*EXERCISE*: Only the lines from the beginning of the material below through the line with "23 Vibrant Color" should be retyped exactly, and pictures are to be skipped.

*GIVEN MATERIAL*:
• • •

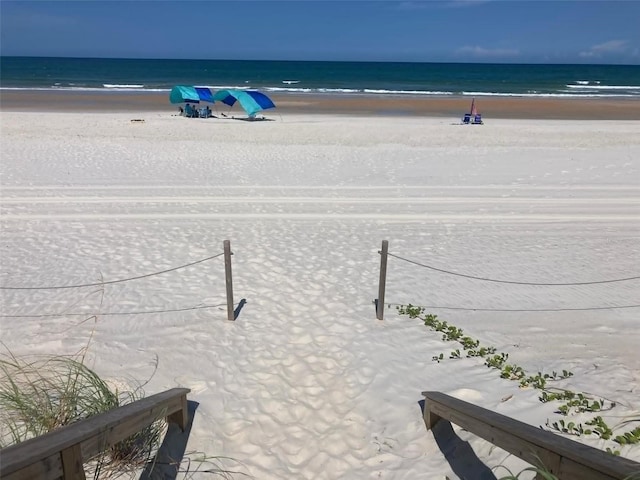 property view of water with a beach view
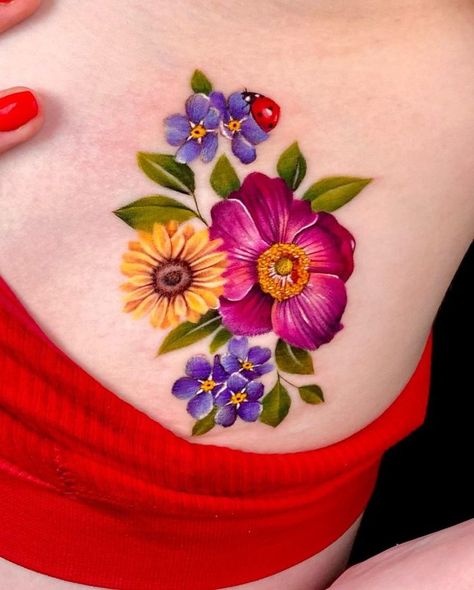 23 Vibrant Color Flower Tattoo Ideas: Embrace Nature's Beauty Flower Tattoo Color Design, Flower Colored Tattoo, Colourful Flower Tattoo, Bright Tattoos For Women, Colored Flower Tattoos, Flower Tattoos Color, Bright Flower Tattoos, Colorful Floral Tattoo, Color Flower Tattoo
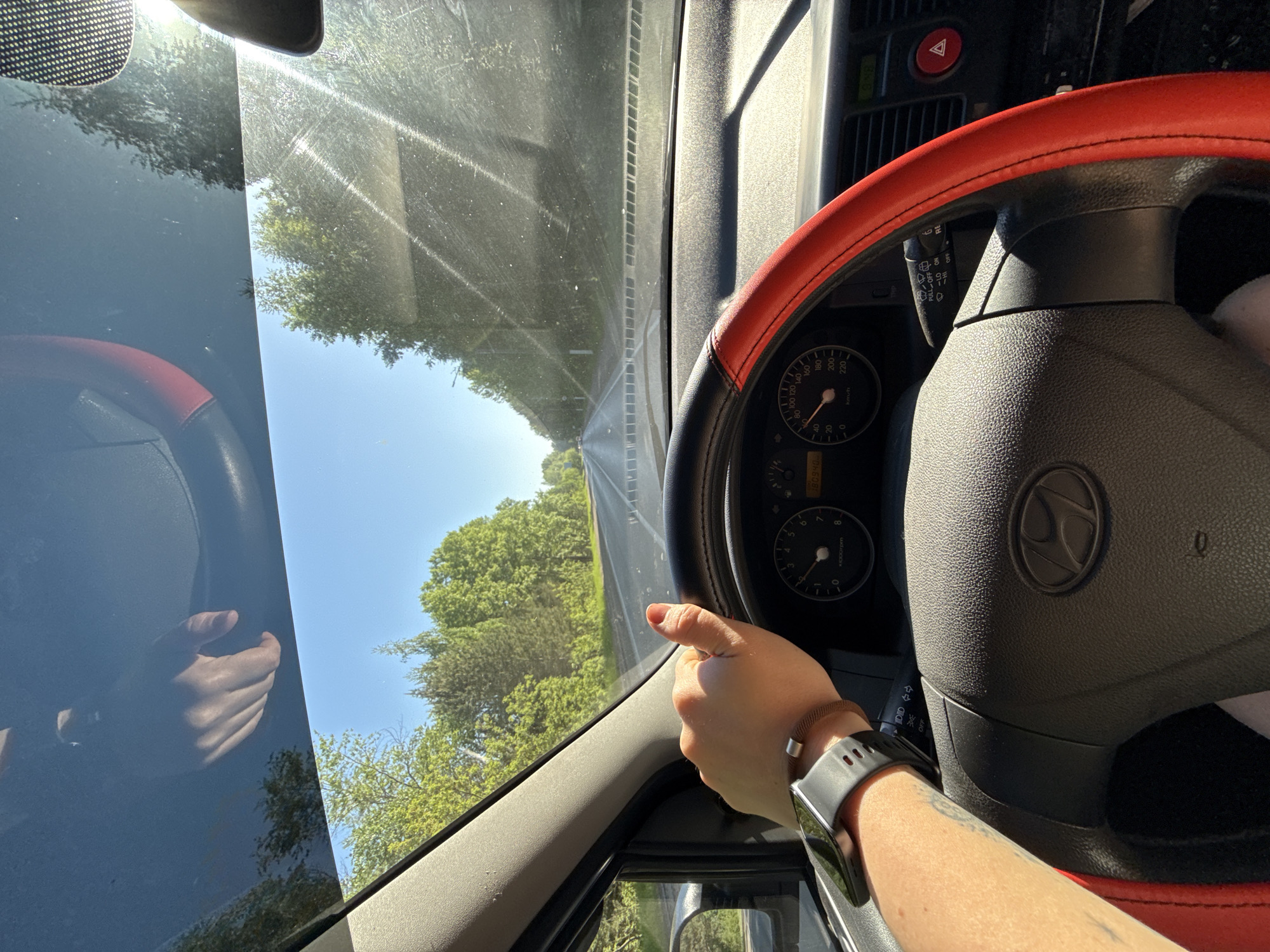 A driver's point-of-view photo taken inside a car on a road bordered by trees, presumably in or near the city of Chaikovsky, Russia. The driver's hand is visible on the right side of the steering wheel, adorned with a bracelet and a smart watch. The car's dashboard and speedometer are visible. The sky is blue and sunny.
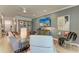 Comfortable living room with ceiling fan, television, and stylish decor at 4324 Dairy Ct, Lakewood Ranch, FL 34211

• • •

*YOUR RESPONSE*:
 property view of water with a beach view
 23 Vibrant Color Flower Tattoo Ideas: Embrace Nature's Beauty Flower Tattoo Color Design, Flower Colored Tattoo, Colourful Flower Tattoo, Bright Tattoos For Women, Colored Flower Tattoos, Flower Tattoos Color, Bright Flower Tattoos, Colorful Floral Tattoo, Color Flower Tattoo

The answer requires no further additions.